Listed Building – Grade II
- Official name: White Nancy
- Designated: 17 March 1966
- Reference no.: 1138973

= White Nancy =

White Nancy is a structure at the top of Kerridge Hill, overlooking Bollington, Cheshire, England. Since 1966 it has been recorded in the National Heritage List for England (NHLE) as a designated Grade II listed building. Its profile forms the logo for the town of Bollington.

== History ==
White Nancy was built in 1817 by John Gaskell junior of North End Farm to commemorate the victory at the Battle of Waterloo. John Gaskell was a member of the Gaskell family who lived nearby at Ingersley Hall. It originally had an entrance to a single room which was furnished with stone benches and a central round stone table, but the entrance is now blocked. It has been described as a summer house or a folly. Locals supposedly told 1940s Army signallers working on Kerridge Hill that the landmark was named after the lead horse that had transported all materials for the building of White Nancy.

== Description ==
The structure is circular in plan with its shape described as that of a sugar loaf, and is surmounted with a ball finial. It is built in sandstone rubble which has been rendered and painted. It is about 18 ft high. Stone paving has been laid around its base which is inscribed with the points of the compass.

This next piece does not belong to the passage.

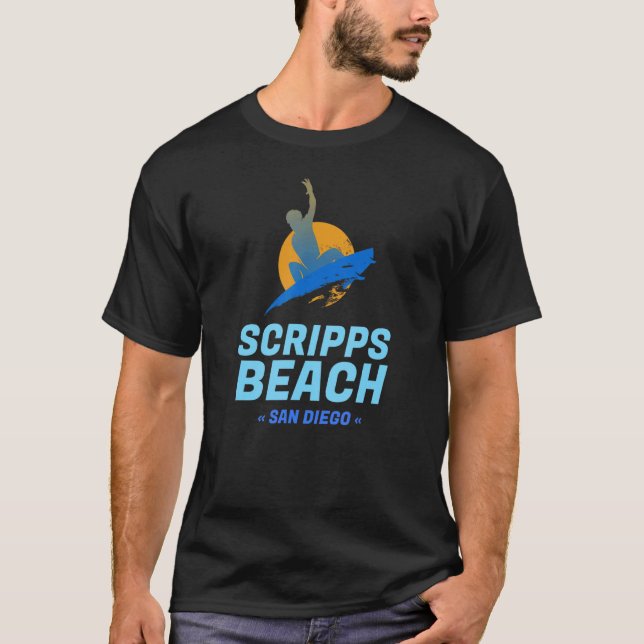 T-shirt Epic Surfer Scripps Beach San Diego (Devant)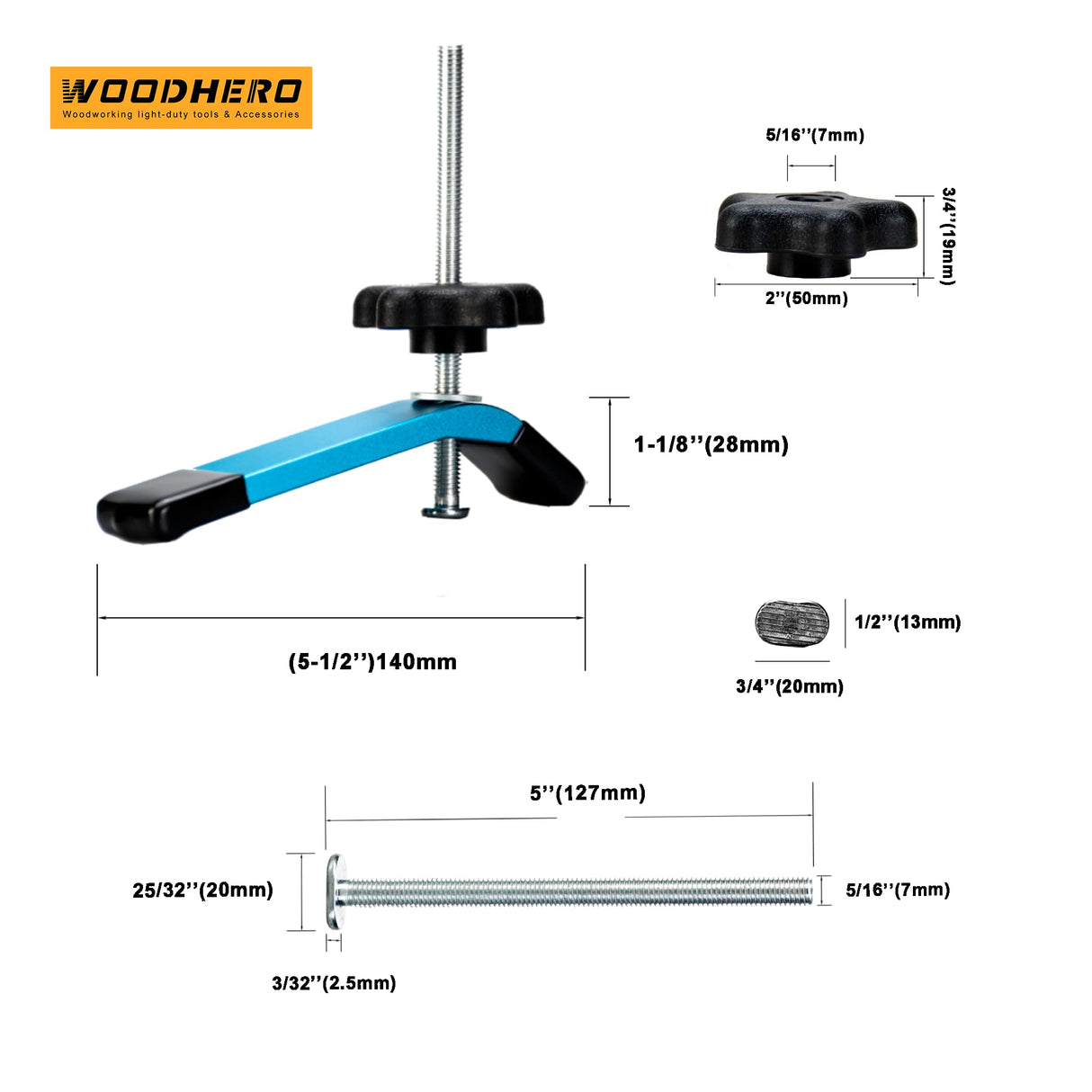 WOODHERO T Track Hold Down Clamps - Ideal Gifts for Woodworkers Men Unique | 4pcs Middle Size 5-1/2” L x 1-1/8” W Light Blue Hold Down Clamps for WoodHero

== Painting and vandalism ==
Until at least 1925 the structure was unpainted. It has been painted in a number of different colours over the years, most commonly in white. In September 2005, vandals painted it partly in pink. In March 2009, it was repainted in white with the ball finial in black. In 2012 a Jubilee crown and the dates 1952–2012 were added to the north-west face and Olympic rings added to the south-east face. The green ring is in the form of a laurel wreath encircling a gold medal and the number 29 which was added later to mark Team GB's 29 gold medals. It has also been painted with a large red remembrance poppy and during the 1980s it was commonly painted at Christmas, decorated as a Christmas pudding or Father Christmas.

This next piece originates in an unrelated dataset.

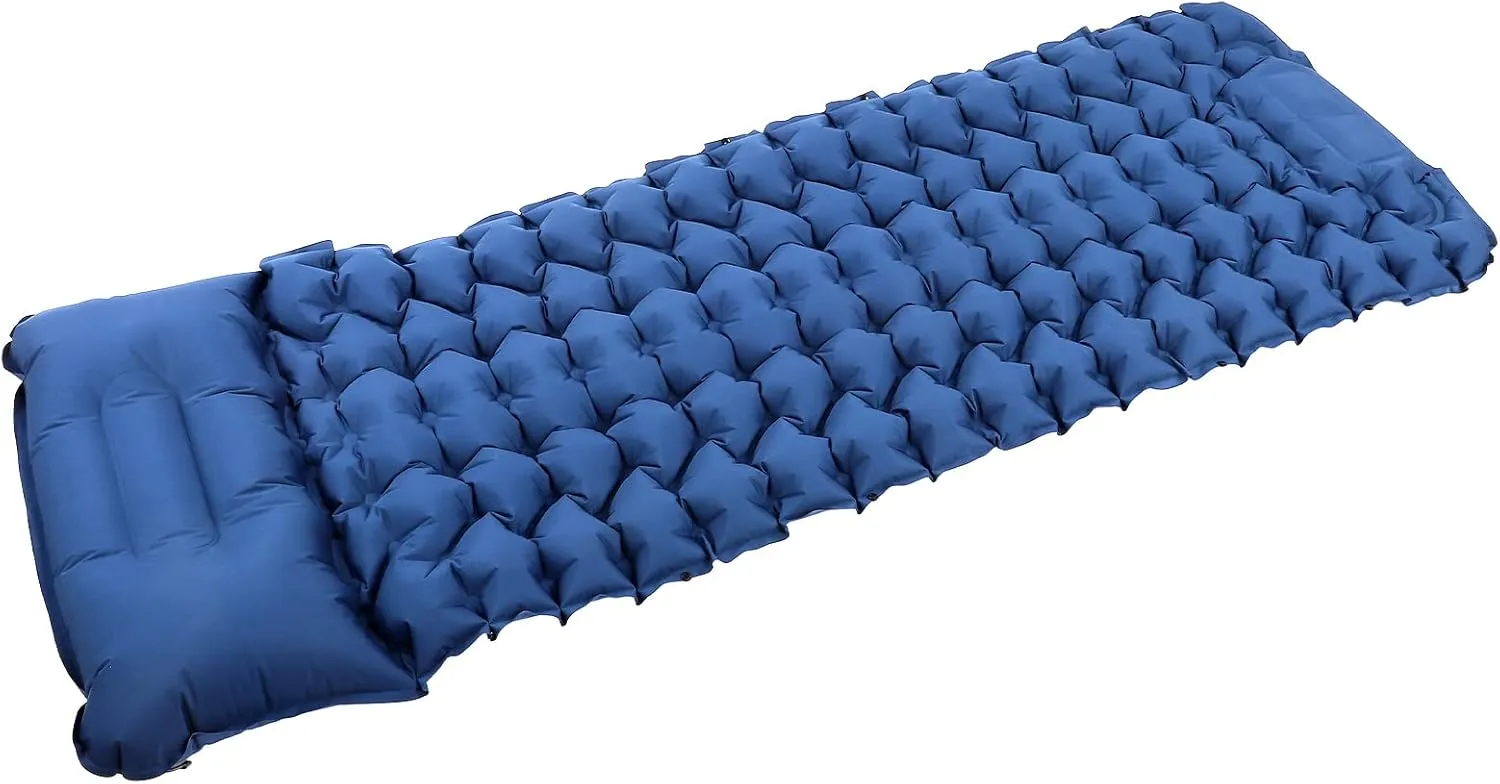 Portable Lightweight Self Inflating Camping Sleeping Pad with Builtin Pillow for Outdoor Hiking Backpacking 40D Nylon TPU Water Blue (Blue)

In 2015, in recognition of the reason for its construction, the structure was painted with a '200th Anniversary of the Battle of Waterloo' motif, and the silhouettes of soldiers in traditional military uniform from the time. In May 2016, it was returned to its traditional all white with a black finial.

In May 2017, by request of the mayor of Bollington, the worker bee symbol was painted onto the monument to express solidarity with the people of Manchester after the Manchester Arena bombing that month.

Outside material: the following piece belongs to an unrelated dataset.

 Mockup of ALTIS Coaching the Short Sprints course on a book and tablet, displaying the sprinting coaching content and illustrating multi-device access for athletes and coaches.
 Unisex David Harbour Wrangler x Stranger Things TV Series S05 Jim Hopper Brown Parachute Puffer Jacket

In March 2018, the face of Mark E. Smith of post-punk band the Fall was painted on White Nancy, together with the text "This Nation's Saving Grace". This was considered vandalism, and a Facebook group claimed responsibility.

During two separate incidents in May and June 2020, White Nancy was vandalised by conspiracy theorists, protesting against COVID-19 and 5G cellular network technology. The second incident was branded "racist" as it included a reference to the Ku Klux Klan (KKK).

In June 2024, White Nancy was wrapped in black plastic by local landfill closure protesters. In December 2024, it was vandalised again, the consequences lasting into 2025 despite cleanup efforts by volunteers at the time.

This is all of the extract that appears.